I talk to specific women.
I'm afraid I would not wear such shoes.
Random seems too perilous.
Well, that’s what everyone wears for sandals.
@tchrist Any specific woman will have been a random woman first.
23:39
Your mother?
I would never wear sandals anyway.
My mother as well.
Was she ever a random woman to you?
My mother would normally wear something like penny loafers or something.
To me, no; to the universe, yes.
Merrells are very popular here.
What I meant was that most women seem to care little about comfort.
23:41
@Cerberus My perception is the other way around.
I remember carrying a friend home when her feet were bleeding in her pumps worse than normal.
@tchrist ...
PUMPS? WTbloodyF?
I know no one, male or female, who is that stupid.
That, or something rather like it, is what are on my feet right now.
Most women wear medium to high heels here most days.
You are on drugs.
On social occasions at least.
23:43
You are still on drugs.
It is extremely rare.
Perhaps from the marijuana smoke from the street.
Does marijuana cause hallucination?
If you go to any terrace or bar here where there aren't many tourists, you will see tons of high heels.
Never.
That’s . . . icky.
Oh, come on, I'll buy you a beer.
It'll be fun.
23:44
Only Britain or Belgium, perhaps.
What do you have against high heels?
The rest of Europe makes flaccid placid beers of no character.

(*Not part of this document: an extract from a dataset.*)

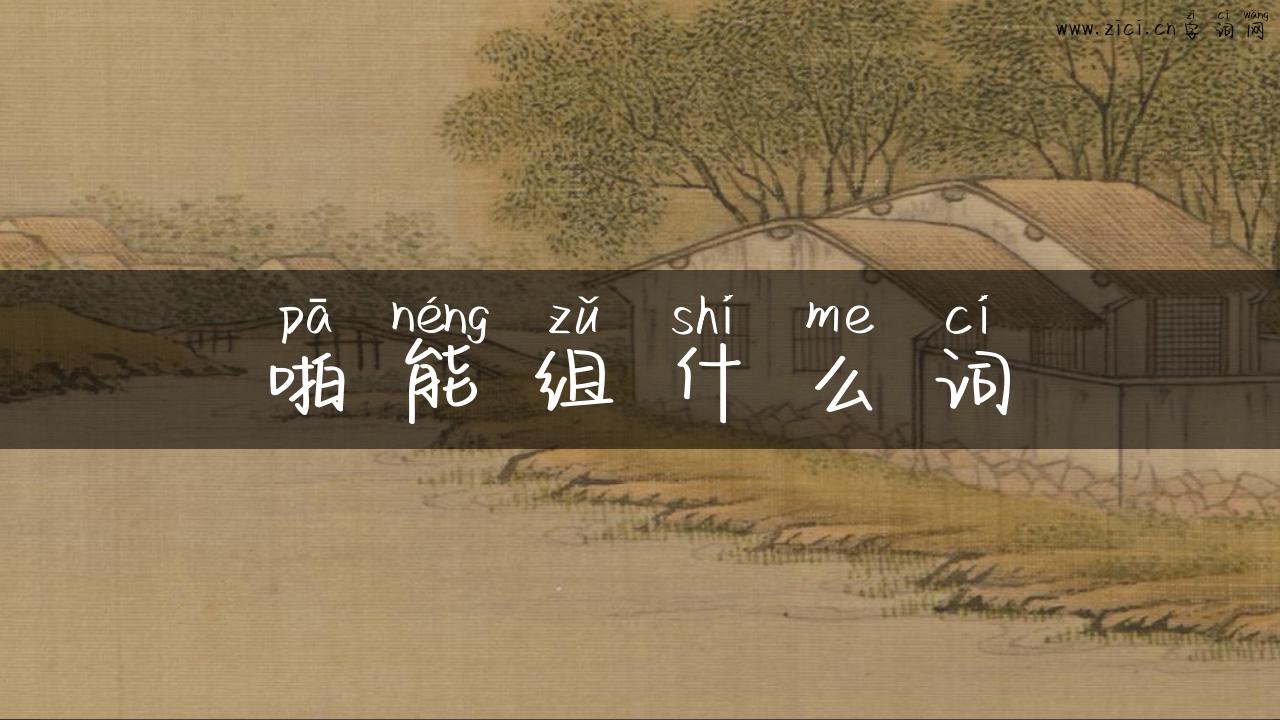 啪能组什么词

You have no idea. We have so many beers.
High heels are super super stupid.
You ruin your feet, your back.
Do you wear them?????
A good beer bar café will have hundreds of beers, from white to dark to anything.

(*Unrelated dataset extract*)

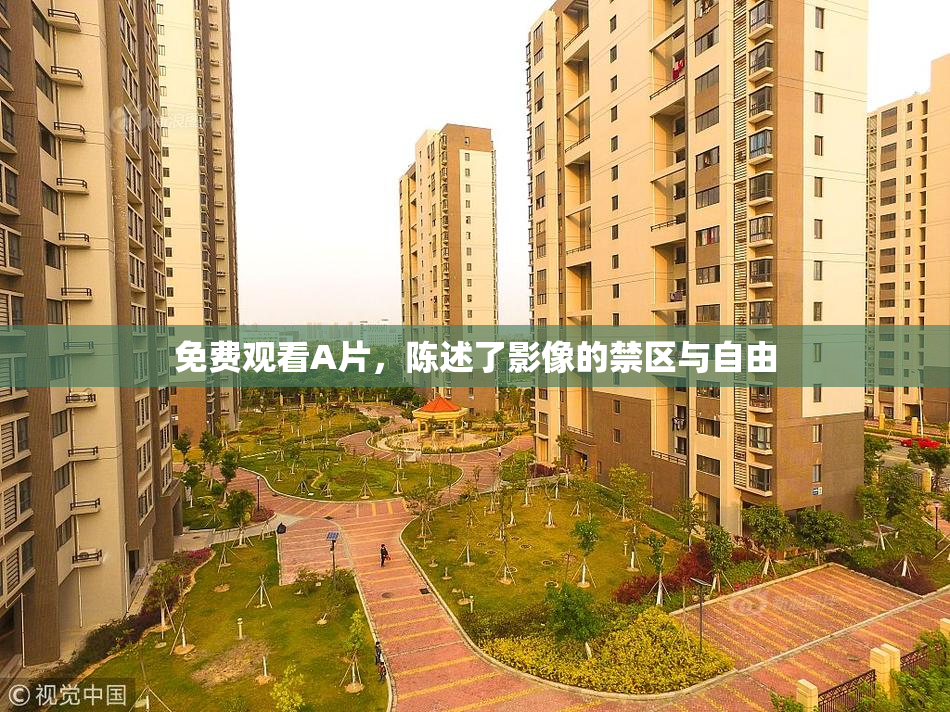 免费观看A片，陈述了影像的禁区与自由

@tchrist I am a man, not a girl.
23:46
I rest my case.
But many of my friends often do.
High heels would be as out of place here as in a cowboy Western.

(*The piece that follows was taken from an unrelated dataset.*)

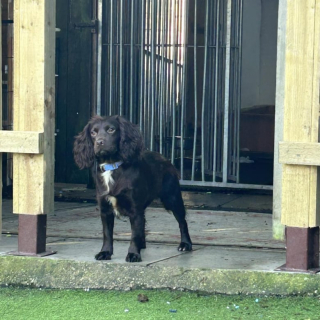 Illustration de l'article : Négligés, non-socialisés et devant tout apprendre, 4 toutous cherchent un foyer aimant pour commencer à vivre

A woman who wears high heels probably paints herself, too.
It is a very unpleasant image.
Almost every single woman here use some kind of war paint, yes.
Most likely mascara.
Fakery.
Not my kind of girl.
Those ones that paint themselves are available by the hour.
Not a real person, though.
You sound like an Ayatollah!
23:50
No, just a regular guy.
Serious question: can you actually tell whether a girl uses mascara?
I don't think I could.
If I can, I wouldn’t like it.
Why should she wear that crud if you don’t?
I don’t understand.
Makes her eyes look bigger.
@tchrist The idea is that you can't.
I’m sure it would make your eyes look bigger too.
I don't need that.
23:52
In case you haven’t figured it out yet, I despise urbane city-dwelling lifestyles.
Gosh.
I had no dea.
So what do you think of this girl?
Ugly make-up?
She has a black eye, the poor thing.
2
Hahaha.
Two black eyes, then.
Yes.
But +1 for you.
23:53
Looks like a stage queen.
This is about the average amount of mascara girls wear here, I think. Perhaps a tiny bit more than that. But I sort of agree that less is better on most girls.
This mascara is about average.
The lipstick is normal, though a significant number will wear none at all. Not so with the lipstick.
You consider them all call girls?
Does your mother use no make-up at all?
That’s a random street shot during summer.